We knew Dish Network planned to close some of the 1,500 remaining Blockbuster retail locations this year, but we didn't know how many the company had in mind. On Dish's recent Q4 earnings call, CEO Joe Clayton revealed the company would be closing 500 stores by the end of this quarter — a full third of those remaining. While the division broke even for the third quarter in a row, Clayton reiterated that Dish wouldn't be shy about closing stores when necessary, but that it hoped to reach a steady store count in the future that would allow it to use the brick-and-mortar locations to better bolster its mainstay satellite business. It represents a further deterioration of the Blockbuster brand, which recently lost its branded DVD kiosks with Redbox's acquisition of NCR Corporation.

Perhaps counterintuitively, however, it's the Blockbuster name that Dish still sees value in. Clayton stated that the former rental heavyweight "is a significant brand in the marketplace, which focuses on family and movies," something that the company is leveraging with its Blockbuster @Home on-demand service. He also pointed towards the company's new kangaroo mascots and the Hopper and Joey multi-room DVR system as ways for Dish to differentiate itself in the marketplace.
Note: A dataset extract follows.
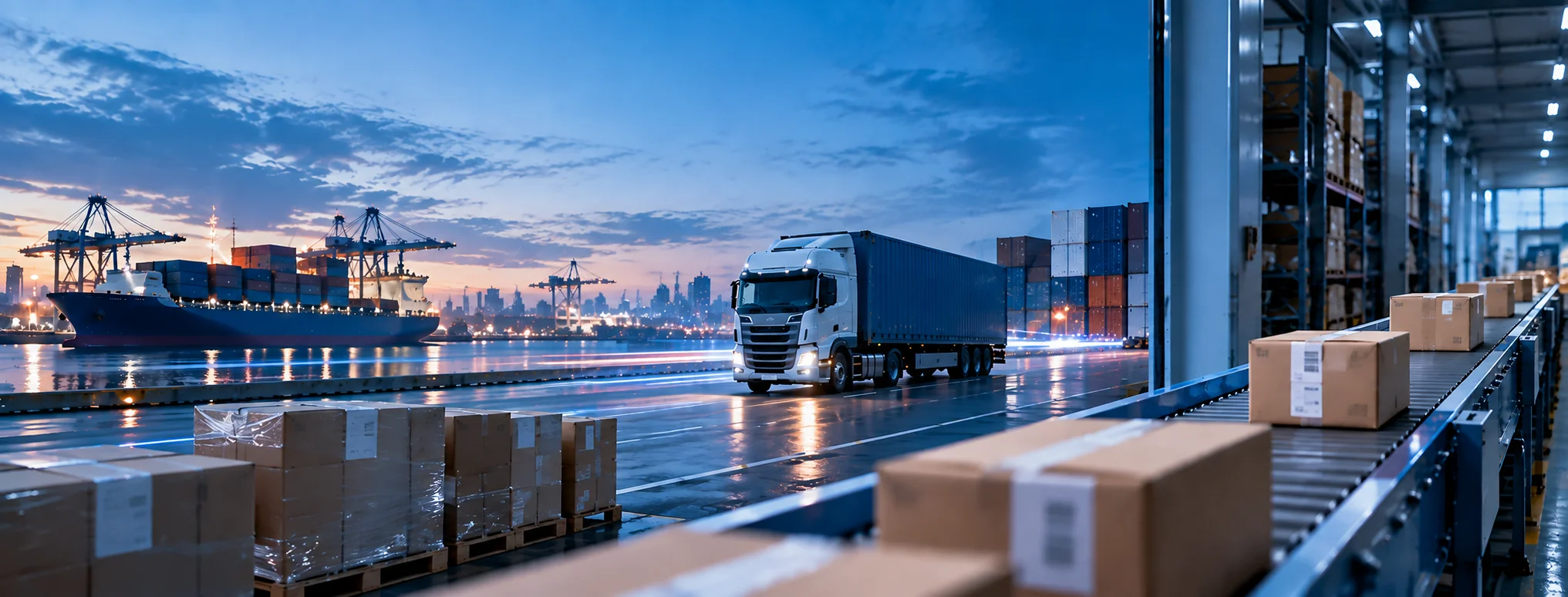 Retail & Logistics banner 3
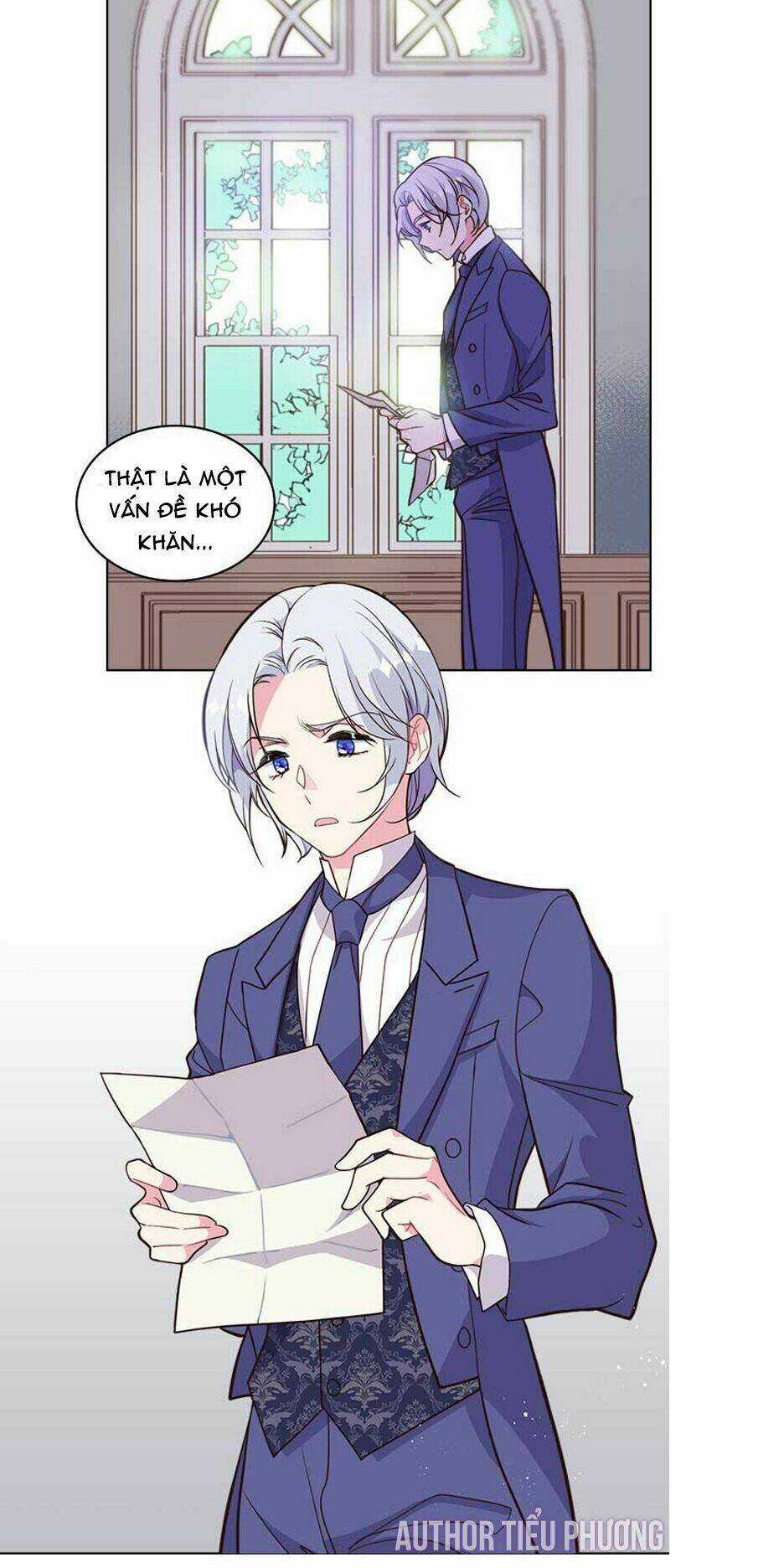 Công Chúa Chloe Chapter 6 trang 5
On the strict financial side, Dish reported $3.63 billion in revenue, a 13 percent increase from the same quarter last year. Subscriber counts were also up, with the company crossing the 14 million subscriber mark thanks to 22,000 new customers (the number still pales in comparison to the 32 million that rival DirecTV boasts, however). With the company showing off new features like its PrimeTime Anytime DVR option and Sling Adapter at CES, it's certainly differentiating itself on the technological side of things — but it's doubtful that will slow Blockbuster's continued decline.